I take it you've never worked with telco OSS or sat on any standards bodies.  If enforce standardise it we can wait til 2017 (check out how long xUBA took to define, or any major RFC, or anything the ITU does) so that the standards are defined (and out of date to their relevance) and that all major vendors can support it; or we will suffer legislated standards that don't make sense/scale.

I've built networks and sat on standards bodies (including those for two NBNs now); and this is one of the toughest areas to get correct.  It certainly is not straight forward -- go look at the massive investments being made by NBNCo into their IT domain to try and get this right, or any telco in general with how much they spend on OSS/BSS platforms (and still struggle to get it right).

Implementing it 33 times over for each LFC multipled by each ISP and making it workable?
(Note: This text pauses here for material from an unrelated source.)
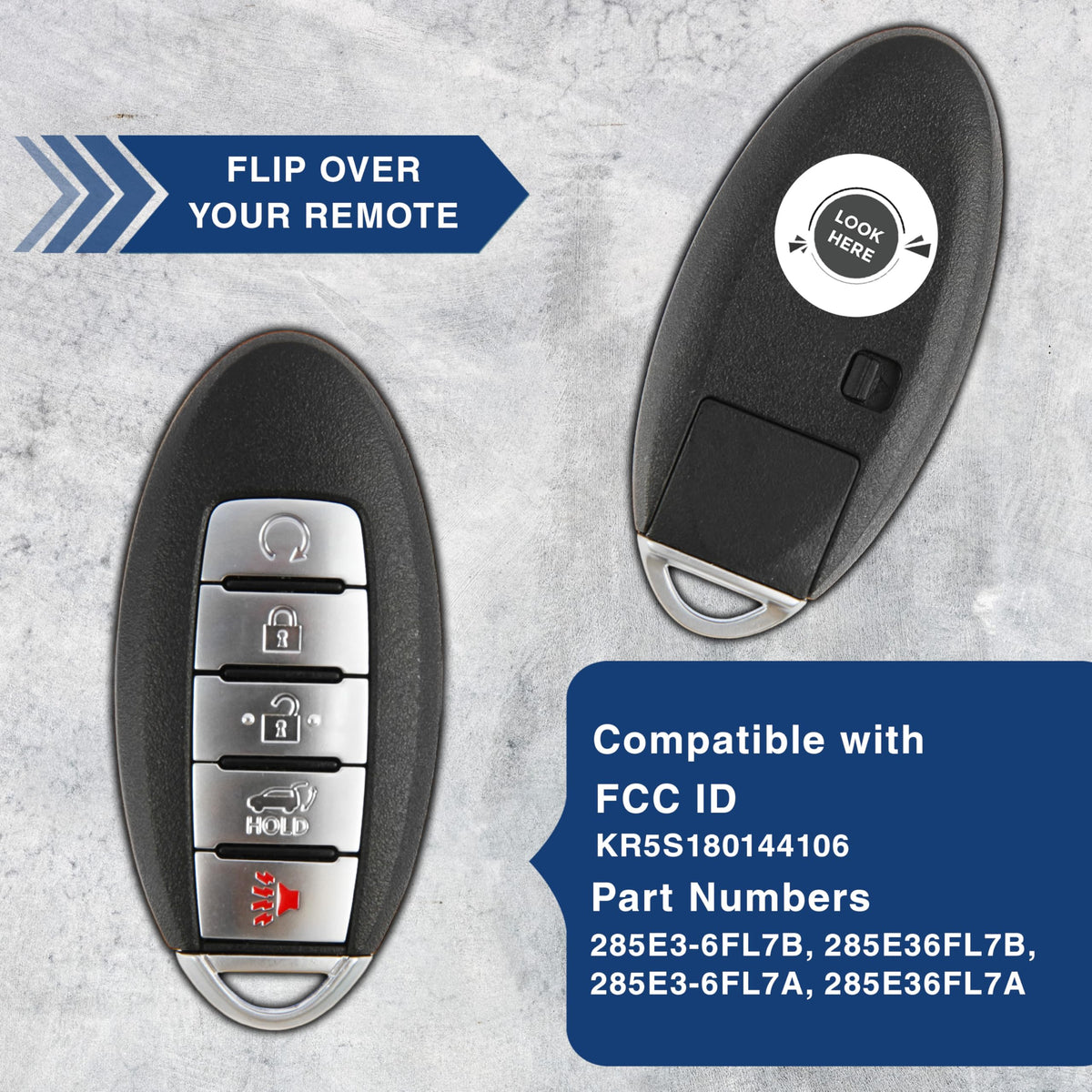 KeylessOption two-pack side-by-side display emphasizing spare remote value and cost savings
I believe there is a Tui billboard in that.

Pro-question: How many ISPs have fully automated interfaces to TNZ's provisioning systems? (This used to be called OOT, it may have a new name now)


You won't need to implement 33 interfaces, the TCF has published the BSS interface that all the ISPs would use at http://www.tcf.org.nz/content/97b4e3bb-7823-4b56-b789-38378890a13c.html to order connections, report faults, be notified of where new areas are being built etc.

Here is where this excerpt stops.